4 skills essential for effective blended teaching

July 16, 2019 | by contributor

By Charles R. Graham, Jered Borup, Leanna Archambault, Cecil R. Short

Our research team, comprised of researchers from Brigham Young University, George Mason University, and Arizona State University, has spent the past several years exploring a timely question: What skills are needed to be an effective teacher in a blended classroom? The exploration began in earnest about 5 years ago after the Utah State Board of Education updated its teacher licensure rules to mandate that university programs “include coursework specifically designed to prepare teachers…to facilitate student use of software for personalized learning [and] to teach effectively in traditional, online-only, and blended classrooms.” 

With limited space in an already heavy college curriculum for pre-service teachers, we wondered what competencies would be the most critical for teacher preparation programs. 

Similarly, a large school district requested that we identify the teaching competencies that they should focus on as they implemented a district-wide blended learning initiative. With limited professional development dollars and teacher development time, many school districts are struggling to identify how to help teachers effectively and efficiently prepare for a shift to blended teaching. 

Educators across the country are interested in knowing how they can get the biggest return on  time invested when focusing on blended teaching training. Our evolving research has led to the discovery of four core, blended teaching competencies and a guide to help educators continue honing those skills.

Uncovering competencies

An extensive literature search led by a doctoral student, Emily Pulham, identified as many existing K-12 online and blended teaching competency frameworks as possible and analyzed them for common themes. There were some similarities between online teaching and blended teaching: flexible and personalized pedagogy ranked as the top organizing theme for both. There were also differences. For example, a mastery-based pedagogy ranked as the second  most common competency among blended teaching frameworks, but 44th in the online teaching literature. What was even more interesting was that a separate analysis of the competencies showed that well over half of the competencies were written in a way that made them generic enough to apply to any teaching modality: online, in-person, or blended. 

What are the core blended teaching competencies?

During two years working with the Michigan Virtual Learning Research Institute and colleagues around the country, we developed a set of blended teaching competencies that focused primarily on pedagogical practices.
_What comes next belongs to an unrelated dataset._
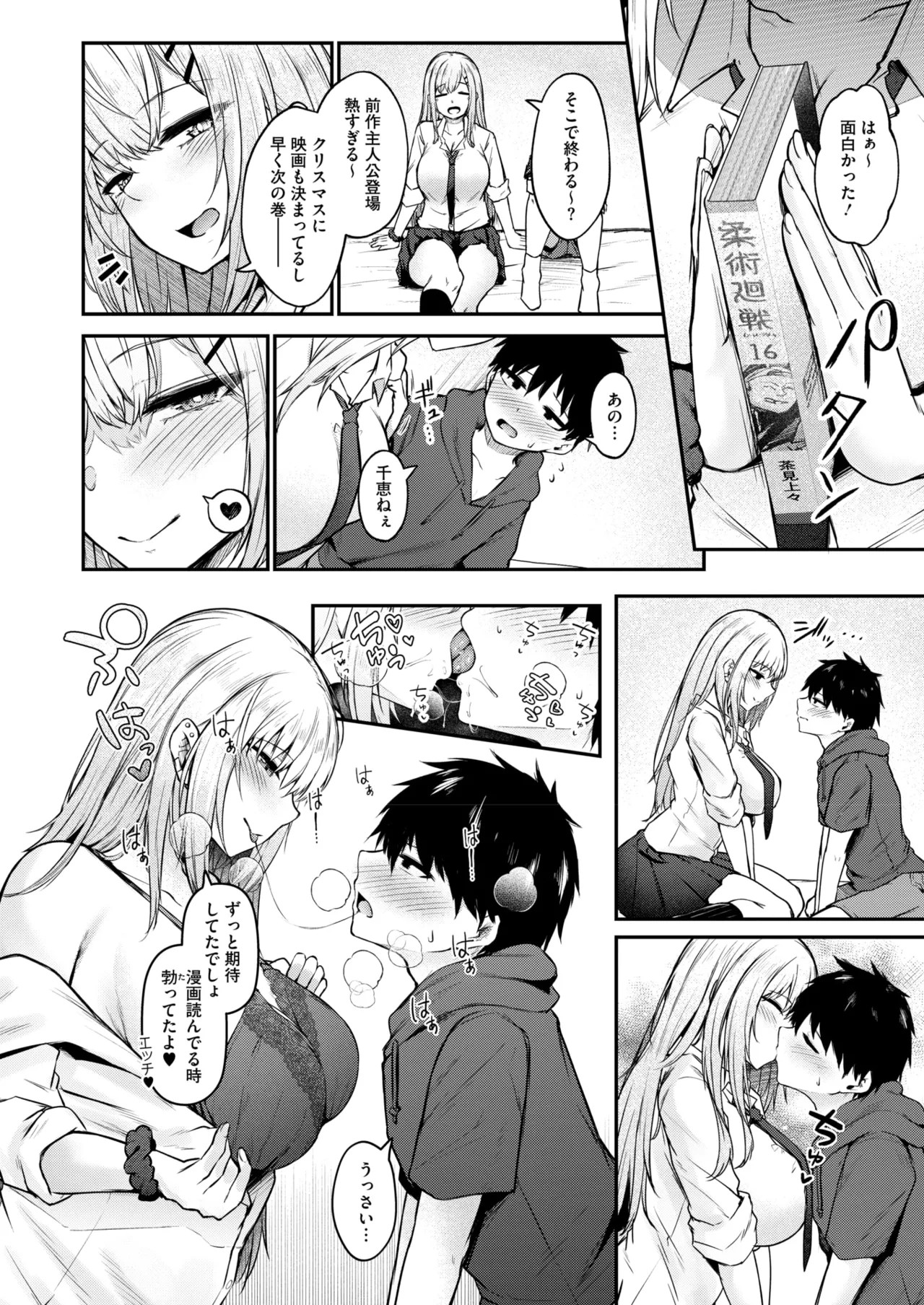 Page 309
During this time, we also worked closely with a large school district to develop a diagnostic instrument of blended teaching readiness that could be used to help individual teachers, schools, and districts efficiently identify current blended teaching skill levels as well as areas needed for additional professional development. (Here are links to our blended teaching competency model development from 2017, 2018, and 2019).

Figure 1 below represents the four core skills needed for effective blended teaching. These competencies stand on a foundation of basic technology skills and dispositions. The competencies are:

  • Online Integration – the ability to effectively combine online instruction with in-person instruction.
  • Data Practices – the ability to use digital tools to monitor student activity and performance in order to guide student growth.
  • Personalization – the ability to implement a learning environment that allows for student customization of goals, pace, and/or learning path.
  • Online Interaction – the ability to facilitate online interactions with and between students.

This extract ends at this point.